Alleen een cynicus geeft dus zo’n relativerend antwoord. Of een naïeveling die koste wat het kost wil vasthouden aan een bestuursmodel uit de tijd van de graafschappen en de hertogdommen, kortom uit de veertiende eeuw.
Rechts domineerde vaak Senaat
Gaat het kabinet-Rutte, dat momenteel slechts kan steunen op 35 van de 75 Eerste Kamerzetels, op 2 maart een meerderheid in de Senaat halen? Dat is koffiedik kijken. Toch is enige kansberekening wel mogelijk.
Wat de kwestie moeilijk en onzeker maakt, is vooral de positie van het CDA. In de huidige peilingen blijft de VVD ruimschoots op niveau. Scoren zij hetzelfde als bij de Tweede Kamerverkiezingen van 2010, dan pakken de liberalen over een maand vijftien Senaatszetels. De PVV overtreft tot nu toe bij elke verkiezing de verwachtingen van de toeschouwers. Die partij zou daarom straks zomaar twaalf of dertien zetels binnen kunnen slepen. Dat betekent dat het CDA mag terugzakken van de huidige 21 Senaatszetels naar 11 of 10.
Maar blijft het verlies van de christendemocraten daartoe beperkt? Dat is de grote vraag. Een peiling van omroep Limburg voorspelde onlangs dat het CDA van de achttien Limburgse Statenzetels er maar vijf zal overhouden. Als dat het landelijke beeld is, komt de coalitie straks toch nog in de problemen.
Aan één wetmatigheid kunnen Rutte en de zijnen zich in elk geval vastklampen. De achterliggende decennia had ”rechts” bijna altijd een meerderheid in de Senaat (zie staafdiagram). Wie de historische krachtsverhoudingen kent, beseft dat het heel goed mogelijk is dat VVD, PVV en CDA samen boven de 37 zetels uitstijgen.
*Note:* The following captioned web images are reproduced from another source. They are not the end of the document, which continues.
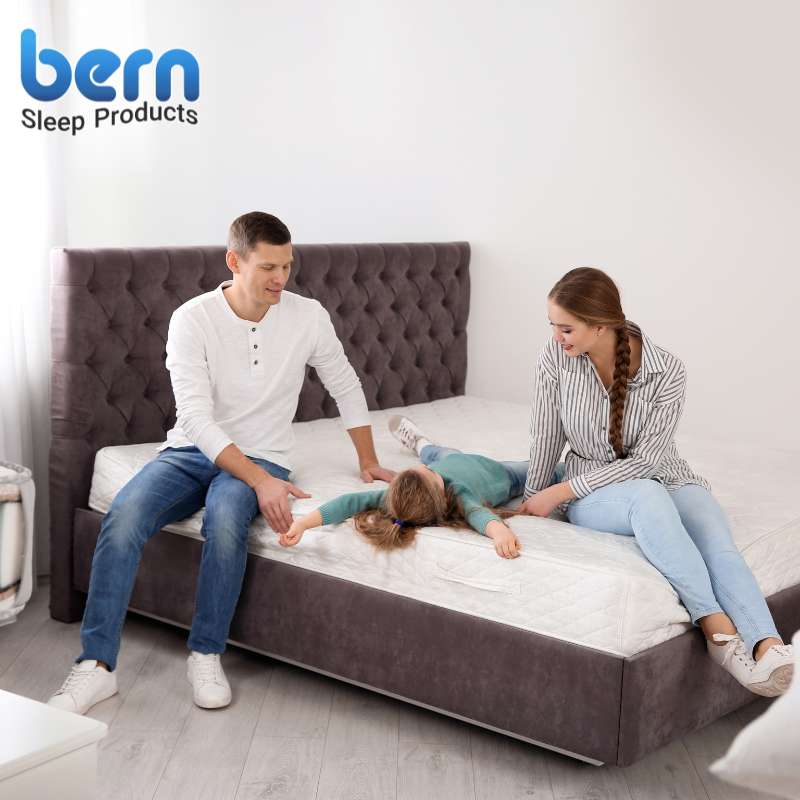 ویژگی‌های یک تشک ایده‌آل شامل کیفیت ساخت و دوام بالا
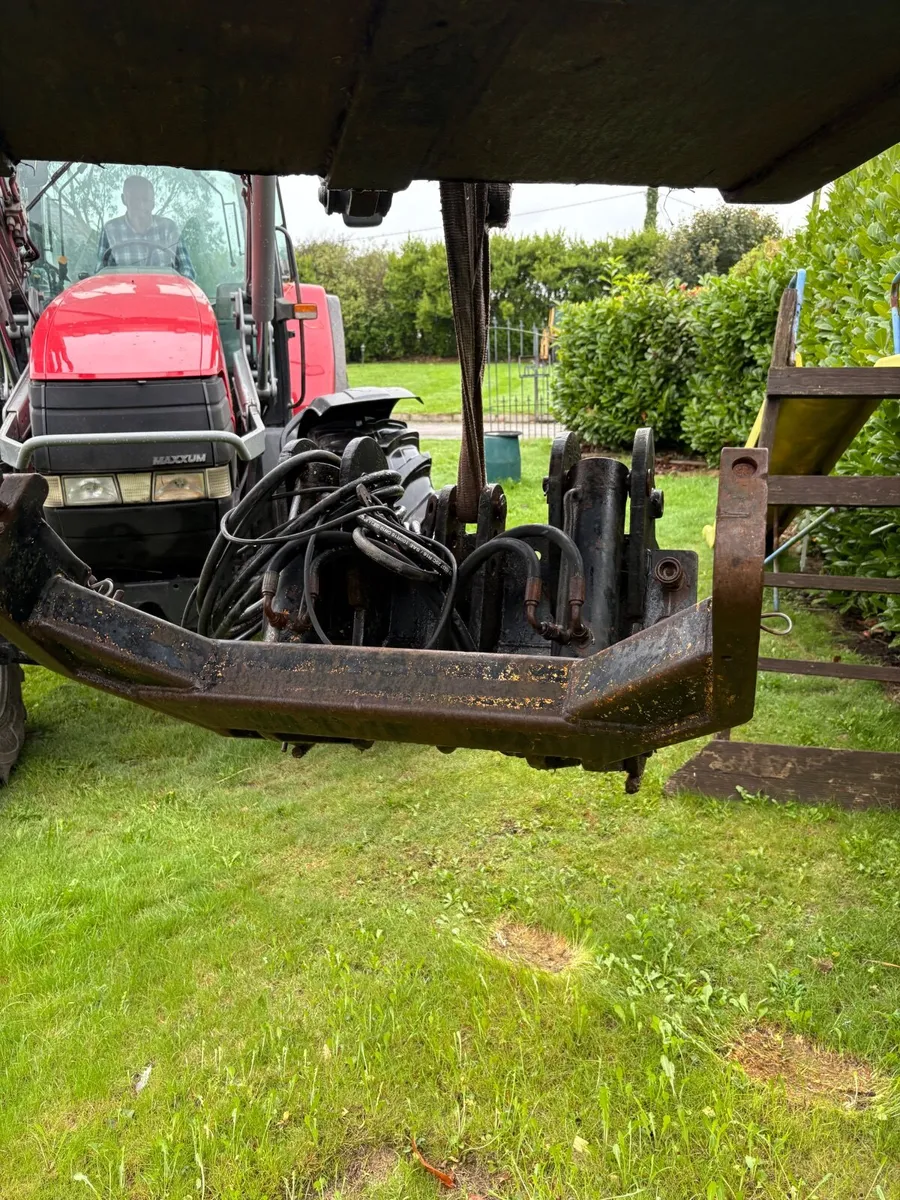 Front linkage case/mccormack - Image 1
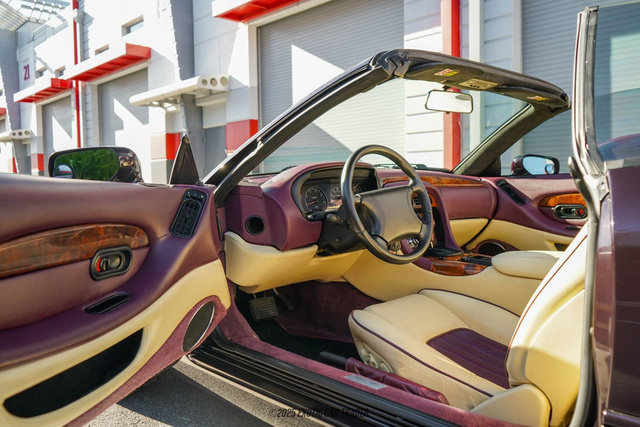 Used 1998 Aston Martin DB7 Volante image 36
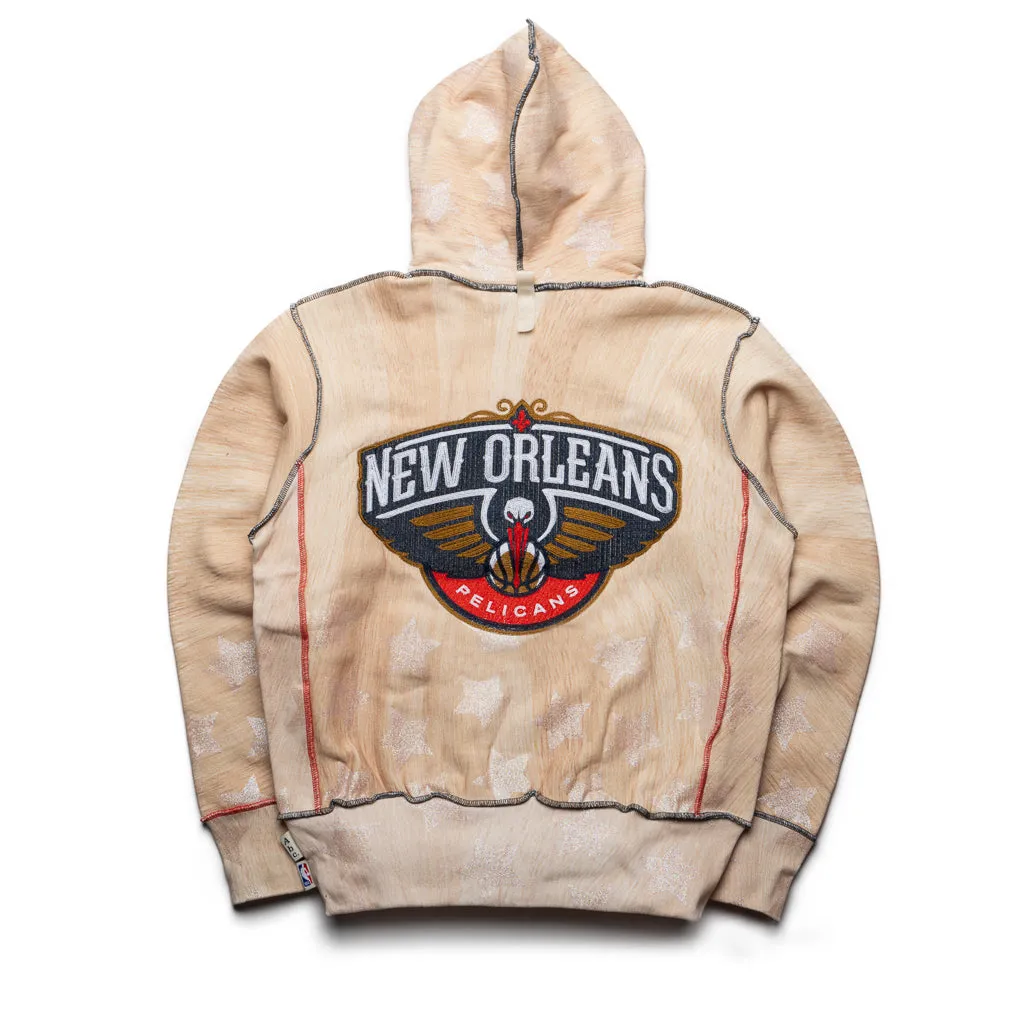 Advisory Board Crystals x NBA New Orleans Pelicans Hoodie - Wood Grain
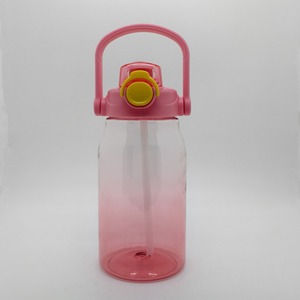 Botella de Agua de Plástico de 1300 ml con Pajita para Uso en Exteriores, Bebida Directa, a Prueba de Fugas y Ecológica - Product Image 6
Maar of het echt gebeurt, weten we pas in de nacht van 2 maart.
Zeeland is Brabant niet
Provinciale Staten en Eerste Kamer, op het eerste gezicht hebben ze niets met elkaar van doen. Toch heeft men er vroeger wel degelijk iets mee voor gehad de Senaat getrapt te laten kiezen via de provincies.
In de 19e eeuw leefde nog sterk de gedachte dat een rechtstreeks gekozen Tweede Kamer gemakkelijk tot revolutionaire voorstellen en toestanden kon leiden. Daarom was er, zo vond men, nog een ander vertegenwoordigend orgaan nodig, te weten de Senaat, die als een soort bezonnen tegenmacht kon functioneren en moest waken tegen „overijling.” Om die Eerste Kamer geen volstrekte kopie te laten zijn van de Tweede, moest ook zijn verkiezing anders verlopen. Dat werd dus, bij de grondwetsherziening van 1848, via de Provinciale Staten.
Hóé de leden van de Eerste Kamer gekozen worden, is enerzijds eenvoudig en anderzijds razend ingewikkeld. Het eenvoudige is dat alle Statenleden, dit jaar op 23 mei, hun stem uit mogen brengen op een van de kandidaten op een van de kieslijsten voor de Eerste Kamer. CDA-Statenleden zullen dan op Brinkman stemmen, PvdA-Statenleden op Barth, enzovoort. Het ingewikkelde is dat de stem van sommige Statenleden veel meer gewicht in de schaal legt dan die van andere. Dichtbevolkte provincies leveren een veel grotere bijdrage aan de vulling van de Senaat dan dunbevolkte (zie kaartje). Anders gezegd: om één senator gekozen te krijgen, hoeven slechts drie of vier Zuid-Hollandse Statenleden op hem te stemmen. In Drenthe zijn daar wel twintig Statenleden voor nodig.